# Fin area and heat transfer direction

So, I was studying some fin design in a heat transfer course , and then came the part where the efficiency is to be calculated, then I noticed that when he calculated the surface area , the sides of a rectangular fin weren't included, so I searched and I found out that it was neglected because it's a one dimensional system, I understand how will that add an extra dimension, but I don't understand how is this a one dimensional system to begin with, we have conduction in $x$ direction and convection in $y$ direction so that's $2$ dimensional.

Edit: I just watched a video where he said he neglected the sides because they have negligible area...makes sense but I am not sure that this is $100\%$ right because he also ignored the tip and we don't ignore it in our course

This is treated as a quasi-one dimensional system because, if we label the horizontal direction as $x$ and the vertical one as $y$, then it is assumed that there are no temperature gradients in the $y$ or $z$ direction, so:

$$\frac{\partial T}{\partial y}=0, \frac{\partial T}{\partial z}=0$$

So the temperature in the $y$ and $z$-directions is considered uniform. To put it even more clearly, temperature is dependent only on $x$. Not doing so would require solving the 3D Fourier PDE:

$$\frac{\partial T}{\partial t}=\kappa\Big(\frac{\partial^2 T}{\partial x^2}+\frac{\partial^2 T}{\partial y^2}+\frac{\partial^2 T}{\partial z^2}\Big)+\frac{\dot{Q}(x,y)}{c_p \rho}$$

Which is mathematically far more challenging (for stationary state: $\frac{\partial T}{\partial t}=0$)

Using the quasi-one dimensional approach is a good approximation as long as the fin is thin (compared to its length). The DE becomes:

$$\frac{d^2T}{dx^2}-\frac{ph}{kA}(T-T_{\infty})=0$$

(Where $p$ is the perimeter of the fin and $A$ the cross-section)

Differential equations need boundary conditions and for this problem we have two choices:

1. Assume the tip temperature is:

$$T(L)=T_{\infty}$$ This tends to be true for very long fins.

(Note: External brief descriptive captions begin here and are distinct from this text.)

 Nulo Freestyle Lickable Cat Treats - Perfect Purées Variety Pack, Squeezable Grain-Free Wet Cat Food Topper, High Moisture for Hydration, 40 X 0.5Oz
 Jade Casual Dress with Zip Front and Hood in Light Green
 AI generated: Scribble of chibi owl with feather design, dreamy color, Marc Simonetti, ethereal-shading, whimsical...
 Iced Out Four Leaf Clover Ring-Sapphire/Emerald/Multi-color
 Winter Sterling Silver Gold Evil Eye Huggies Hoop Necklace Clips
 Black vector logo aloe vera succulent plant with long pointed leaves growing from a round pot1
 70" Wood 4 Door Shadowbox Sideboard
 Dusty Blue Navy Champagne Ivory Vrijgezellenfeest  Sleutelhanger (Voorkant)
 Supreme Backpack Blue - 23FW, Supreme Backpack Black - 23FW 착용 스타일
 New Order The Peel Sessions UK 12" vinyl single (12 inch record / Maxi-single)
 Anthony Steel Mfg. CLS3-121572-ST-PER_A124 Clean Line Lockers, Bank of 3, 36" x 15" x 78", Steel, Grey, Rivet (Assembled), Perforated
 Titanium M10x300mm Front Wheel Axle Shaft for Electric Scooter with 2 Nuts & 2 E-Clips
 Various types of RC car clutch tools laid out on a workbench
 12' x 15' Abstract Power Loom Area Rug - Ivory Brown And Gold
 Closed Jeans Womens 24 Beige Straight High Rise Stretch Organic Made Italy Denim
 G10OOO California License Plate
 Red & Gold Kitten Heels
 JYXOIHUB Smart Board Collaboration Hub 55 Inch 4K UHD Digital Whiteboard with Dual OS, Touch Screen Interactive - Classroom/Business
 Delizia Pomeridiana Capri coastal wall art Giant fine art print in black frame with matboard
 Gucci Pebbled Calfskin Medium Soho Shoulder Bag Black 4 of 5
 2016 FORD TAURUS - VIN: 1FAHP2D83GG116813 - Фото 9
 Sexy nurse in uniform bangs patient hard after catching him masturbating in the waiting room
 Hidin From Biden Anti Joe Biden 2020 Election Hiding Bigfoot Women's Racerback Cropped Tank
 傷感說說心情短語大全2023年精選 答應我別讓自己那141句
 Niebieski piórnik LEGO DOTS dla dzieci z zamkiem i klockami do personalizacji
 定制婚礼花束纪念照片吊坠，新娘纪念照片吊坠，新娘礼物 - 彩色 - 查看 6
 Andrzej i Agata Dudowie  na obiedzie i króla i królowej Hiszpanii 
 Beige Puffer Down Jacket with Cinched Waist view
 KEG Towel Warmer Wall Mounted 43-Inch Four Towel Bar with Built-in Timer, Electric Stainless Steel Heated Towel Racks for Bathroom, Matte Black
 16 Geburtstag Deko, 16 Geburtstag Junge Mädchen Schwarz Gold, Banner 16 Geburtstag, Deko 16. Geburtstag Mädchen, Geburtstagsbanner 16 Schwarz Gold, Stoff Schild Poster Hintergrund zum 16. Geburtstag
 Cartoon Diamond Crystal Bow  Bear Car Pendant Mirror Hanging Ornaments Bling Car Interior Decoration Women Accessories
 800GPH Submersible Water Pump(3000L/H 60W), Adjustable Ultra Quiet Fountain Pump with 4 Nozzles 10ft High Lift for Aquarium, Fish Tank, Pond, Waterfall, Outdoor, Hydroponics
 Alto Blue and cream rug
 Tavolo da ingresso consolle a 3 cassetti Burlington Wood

1. Assume that due to the small area of the tip, no convection takes place there and of course no conduction can take place either (it's the end of the fin!), which mathematically means:

$$\Big(\frac{dT}{dx}\Big)_{x=L}=0$$

Neither assumptions are really 100 % correct but here your teacher chose the second one.

I just watched a video where he said he neglected the sides because they have negligible area...makes sense but I am not sure that this is 100% right because he also ignored the tip and we don't ignore it in our course.

There's not need to ignore the sides. Read my derivation.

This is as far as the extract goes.